Toshiba lists the Portege R705 for $889, but as of this writing, it can be found online for $799. A handful of business-oriented configs are also available (called the R700, instead of the R705), adding a docking port and a few other corporate-friendly features for $999 and up.

For $100-$200 less than an entry-level MacBook, you get a newer Intel Core i3 processor (the basic MacBook has an older Core 2 Duo CPU), a large 500GB hard drive, and Intel's Wireless Display technology , which allows the laptop's display to be beamed to a remote TV or monitor (this requires a sold-separately $100 Netgear adapter that connects to your TV). Not to draw too many MacBook comparisons, but it also has an SD card slot (as does virtually every Windows-based laptop no matter the price), something the $999 MacBook lacks.

Sarah Tew/CNET

There are a few issues. The integrated Intel graphics are a drag, and the keyboard isn't backlit, which would have been a nice touch on this slick-looking system. Also, out of the box, the hard drive accelerometer was far too sensitive, parking our HDD head every time we so much as breathed on the R705.

Those problems aside, the Portege R705 looks and feels like a much more expensive laptop, and is our new go-to choice for those who want a 13-inch experience but can't (or won't) join the MacBook masses.

The brushed metal magnesium alloy chassis feels sturdy, despite its thinness (and the front lip tapers, making it look even thinner). The Portege is a cousin of one of our favorite laptops of all time, the 12-inch Portege R500. That $1,500 (or more) system suffered from too much flex in its body and lid, which is not the case here. The back of the lid on this consumer model has a subtle dark blue tint to it, as opposed to the solid black on the business-targeted variant.

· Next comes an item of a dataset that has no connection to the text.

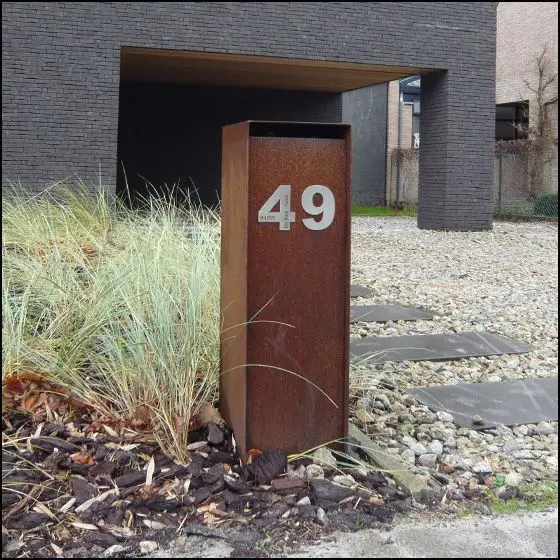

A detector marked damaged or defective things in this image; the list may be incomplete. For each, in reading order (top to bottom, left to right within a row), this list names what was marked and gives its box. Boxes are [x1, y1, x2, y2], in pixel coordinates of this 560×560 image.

The only visual element on the R705 we really disliked was the overly chromed screen hinges, which would look more at home as rims on a tricked-out car than on a sophisticated laptop.

The keyboard uses flat, widely spaced island-style keys. While perfectly usable, the keys are noticeably more rectangular than most, as if they were shortened to save space. Typing is also a little on the clacky side, but not so much as to be a dealbreaker. We do appreciate the large dedicated page-up, page-down, home, and end keys along the right side--they're usually relegated to alternate function keys on most laptops. Our biggest complaint is that the keyboard is not backlit. We've seen that feature on other Toshiba laptops in this price range, and it's always an appreciated extra.

It's not as large as on a MacBook, but the R705's touch pad is among the bigger ones we've seen on a 13-inch laptop. Multitouch gestures include two-finger scrolling, but as always seems to be the case, it's nowhere as smooth and responsive as on a MacBook. The left and right mouse buttons are well sized and easy to use--something many PC makers seem to have trouble with.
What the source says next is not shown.